C’è però una lieve speranza: “Ma crediamo anche che (il 2013) possa intercettare il punto di svolta del ciclo economico”. La crisi, iniziata nel 2007, “ha eroso le capacità di resistenza delle famiglie e delle imprese, generando condizioni di diffuso disagio sociale, una caduta profonda delle aspettative, un cambiamento radicale nelle abitudini dei consumatori”.
“Negli ultimi anni abbiamo perso 750mila posti di lavoro – rileva il Cnel – una caduta che avrebbe potuto essere più profonda se la produttività del lavoro non fosse rallentata, se le ore lavorate per occupato non si fossero ridotte, se il ricorso alla Cig non fosse aumentato per tutelare i redditi dei lavoratori e le potenzialità di ripartenza delle imprese”.
Un appello è rivolto ai sindacati e Confindustria per la promozione di una “politica economica che fronteggi finalmente l’eccessivo carico fiscal che grava sul lavoro e sull`impresa”.

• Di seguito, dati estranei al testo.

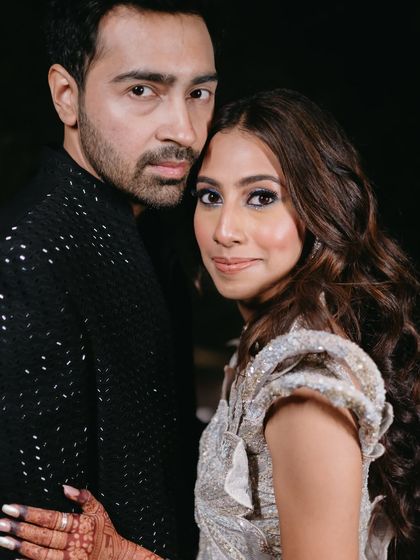 An intimate close-up of the couple, highlighting the bride's flawless makeup.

“La situazione è così fragile che non si può sprecare nessuna risorsa né fare mosse sbagliate”. A rendere più complessa la sfida sono quindi i vincoli della finanza pubblica, che limitano le risorse per le politiche del lavoro. “L’Italia – rileva lo studio – è tra i paesi che meno spendono per le politiche attive”.
“Le politiche del lavoro – aggiunge il Cnel – non potranno che utilizzare strumenti a costo ridotto e puntare sulle immense economie derivanti dalla valorizzazione della collaborazione come vantaggio competitivo, dal miglioramento dei prodotti e dei processi, l’ottimizzazione dell’organizzazione del lavoro in funzione sia delle esigenze del mercato che di quelle dei lavoratori. Ma anche dall’investimento in formazione e addestramento e dal potenziamento della gestione delle risorse attraverso la partecipazione. A questo compito è chiamata non solo la politica economica, ma anche l’azione delle parti sociali”.

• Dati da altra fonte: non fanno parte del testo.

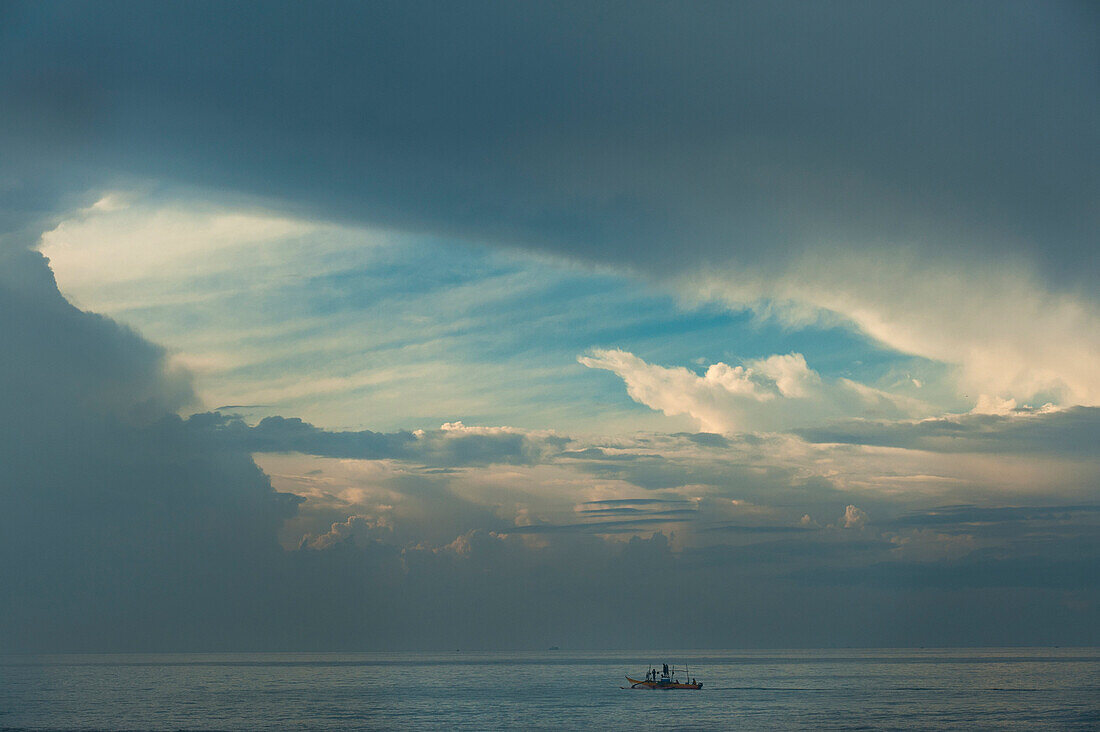 Fishing boat with hole in stormy clouds behind, near Unawatuna, Sri Lanka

Destano forti preoccupazioni le condizioni in cui versano i giovani, con un tasso di attività tra chi ha un’età compresa tra 15 e 29 anni) che continua a crescere, nonostante rappresentino meno del 7% degli attivi mentre gli over 55 sono ormai più del 12%.

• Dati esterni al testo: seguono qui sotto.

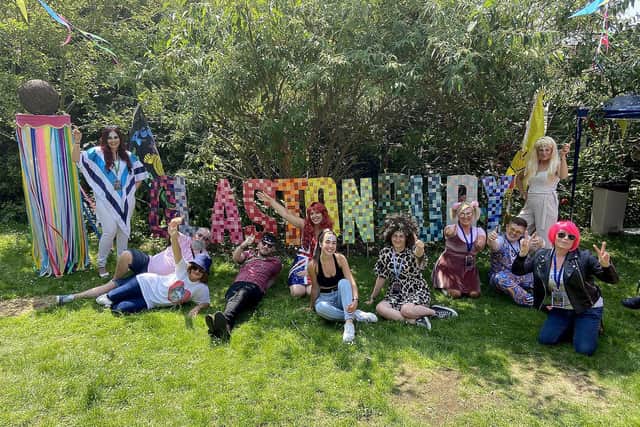 Staff and service users from Education and Services for People with Autism dressed up for their own Glastonbury Festival.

Non si arresta il fenomeno dei Neet (not in employment, education or training): la quota di ragazzi che non hanno un’occupazione e al tempo stesso non sono a scuola o in formazione si attesta al 23,9% della popolazione giovanile, con punte di 35% nelle regioni del Mezzogiorno.
PIÙ DELLA METÀ DEGLI ITALIANI CERCA LAVORO ALL’ESTERO
Oltre il 50% dei candidati entrati in contatto con Michael Page valuta opportunità di lavoro in Asia (specialmente Singapore) e America Latina. I paesi che offrono potenzialmente maggiori opportunità sono quelli caratterizzati da un’economia trainante, come appunto i paesi del Sud America (Brasile, Cile, Colombia, Perù), i paesi asiatici (India, Cina, Indonesia, Malesia), il Sud Africa e il Medio Oriente oltre alla Germania per ciò che riguarda l’Europa. I paesi più ambiti e frequentati dagli italiani sono Svizzera, Cina, India, Brasile, Singapore e USA; quelli più accoglienti risultano essere la Svizzera e la Germania per l’Europa, Singapore per il mercato asiatico, il Cile per il Sud America e infine gli USA.
I settori con maggiori opportunità di spostamento all’estero sono quelli legati ai servizi, all’oil & gas e alle funzioni sales. Tra i profili professionali senior, i ruoli collegati alla direzione industriale sono oggi caratterizzati da una maggiore mobilità a livello internazionale, risultato conseguente al processo di delocalizzazione degli ultimi vent’anni. In particolare, la figura dell’esperto in Lean Manufacturing è sempre più coinvolta in attività di riorganizzazione industriale nei siti esteri e richiede, quindi, una lunga permanenza fuori dall’Italia.
Altra figura che tradizionalmente risiede all’estero è quella del General Manager o Branch Manager, responsabile delle operazioni commerciali o manifatturiere nel paese straniero. Per le imprese italiane con filiali internazionali, tale figura ha un’importanza strategica per il buon esito del processo di internazionalizzazione del proprio business e spesso rappresenta la “longa manus” della proprietà nei paesi stranieri.